Love At First Hate (Love At Firsts Book 2)(30)
“I am!”
“What? Humble or a god?” He looks at me as he stops at a red light.
“Both.” I smirk.
“God, you’re something.” He chuckles.
“See, you just said it yourself!”
“I’ll have to watch whatever I say around you.” He glances at me before starting to drive again.
“Nah, you don’t have to watch what you say around me. Remember, no judgment.”
“I just mean that you’re always teasing and turning what I’m saying.”
“Never in a bad way. You should know that by now.” I chuckle.
“How did we get from hating each other to being this close?” he asks, sounding amused.
“I’m not sure, but I know we could be a lot closer. If you catch my drift.”
“Oh, I do catch your drift.” I can see a slight blush cover his cheeks, even with the low light.
“Glad you do.” I pat his thigh, and he tenses up a bit.
“Such a flirt.” He swallows hard.
“Always, you’ll learn to know that about me.” I squeeze his thigh as he parks in his driveway and lean into him. He turns to face me, and I can’t help it, I find myself brushing my lips over his. “Don’t join a dating app. These guys on there are going to wreck you and put you off of men. As I keep saying, when you’re ready, come to me.” I wink at him, and he looks at me stunned that I pecked his lips. I’m not sure if he was expecting it, nor ready for it, but I had to. God, they are so f*cking soft. I reluctantly get out of his car when I don’t see him move or say anything. It’s like we both need to process what just happened even though it was just a peck.
I walk home and wave at him before going in. He’s still sitting in his car, looking stunned. I hope I’m not the one who scared him off of men. That’d be just my luck. If anything is going to happen between us, I want him to be the one instigating things. Not because I’m scared of rejection, but because I don’t want him to feel like I’m forcing myself onto him. He’s been through enough without having a horny guy on his ass trying to get in his pants sooner than he’s ready for.
I lock the door behind me and throw my keys in the bowl on the small table by the door and take off my shoes. So much for getting all dressed up. I am, however, really happy that Nate was there, saved my ass, and that we had another interesting conversation. I’m enjoying spending time with Nate more and more. Besides the fact that he’s easy on the eyes, it’s a great feeling to know that he’s getting more comfortable around me each day.
I smile to myself, brushing my fingers over my lips. They are still tingling from that stolen kiss. I can’t even begin to imagine how it’ll be if and when Nate and I share a real kiss. I can’t wait for that day.
I take off my tie and fold it in three before placing it on the kitchen island. I walk to the fridge and open it, grabbing a small cardboard container and close the fridge.
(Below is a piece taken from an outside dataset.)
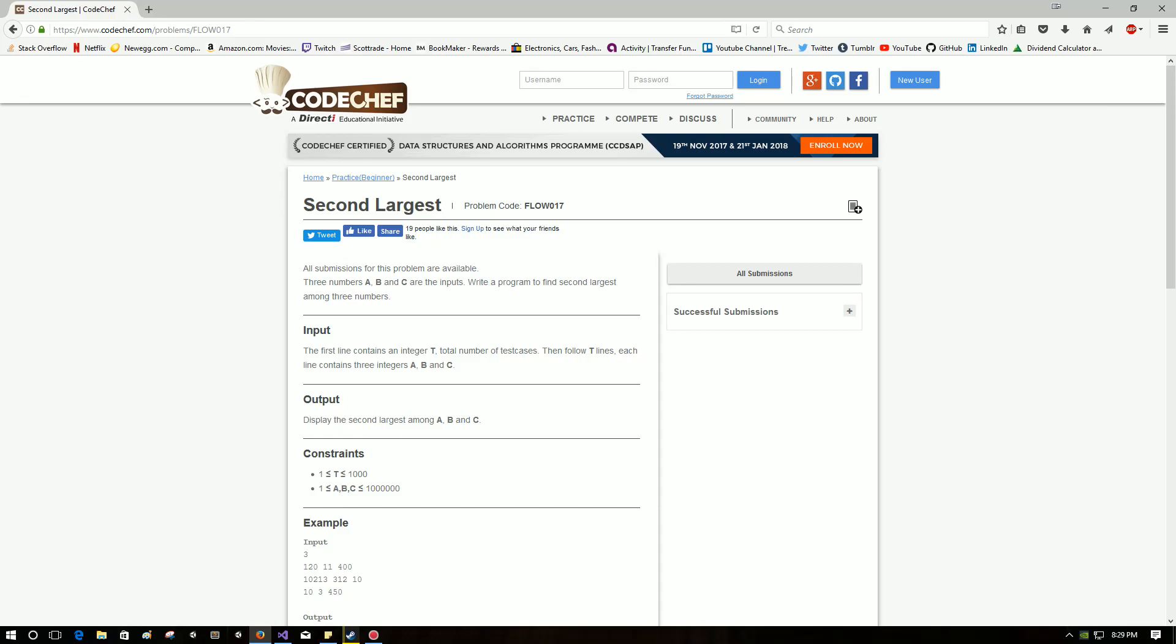Welcome back guys. This is another Code Chef challenge. We're going to do second largest. We're still in the beginner level stuff. So let's get on with it.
I pick up a fork and head upstairs.
Tonight requires some solo Netflix and chill. I’ve become an expert at that lately. I strip to my boxers and open the small box, containing a piece of peanut butter cheesecake I picked up earlier today. I can’t wait to dive into this little treat.
I put my phone on charge and see a few missed calls from ‘Satan’ aka John. I reckon we all have an ex called Satan in our phones. If you don’t, you should reconsider it. It’s rather funny to see a call from Satan come up. I ignore his messages and take a forkful of the cheesecake and sigh happily. This is what heaven feels like.
My thumb hovers over the Hunt4Gays app for a few seconds before pressing it. I don’t really know why I’m checking it. I’ll probably have a shit load of messages from John using his fake identity to lure me in.
I see the picture John has been using with new written next to it, meaning I have at least one new message. I tap on his picture and block him, not wanting to bother reading what he has to say. I really can’t be bothered to lose any more time talking to him. He’s not worth it.
I tap off the app and close it. I’m thinking of deleting it altogether. With the way things are going with Nate, I don’t feel it’s right to stay on the app anymore. I could tell it bothered him a little that I was meeting someone I was talking to online when we’ve been getting closer. And if I’m honest, I feel like shit for actually going on a date after all the flirting that’s been going on between Nate and me.
Just as I’m about to delete it, I get a notification from someone new, and I tap on the little banner out of habit. The message is pretty standard.
Tattooedsoldier81: Hey there :)
I check the profile out of curiosity, and I’m shocked by what I see. There is no face, only a tattooed chest. Those tattoos. I might have seen them only once, but they are embedded in my brain. Nate joined the app and found me on here. This should be interesting. I don’t know how I feel about knowing it’s him or if he knows I know, but I can’t help myself from replying with a massive grin on my face.
MattTheGod: Hey handsome :)
Tattooedsoldier81: How’s your evening?
MattTheGod: Not too bad and yours?
Tattooedsoldier81: Better now that I’m talking to you ;)
MattTheGod: Aren’t you a charmer ;)
Tattooedsoldier81: I try, I try.
MattTheGod: You don’t have to try hard.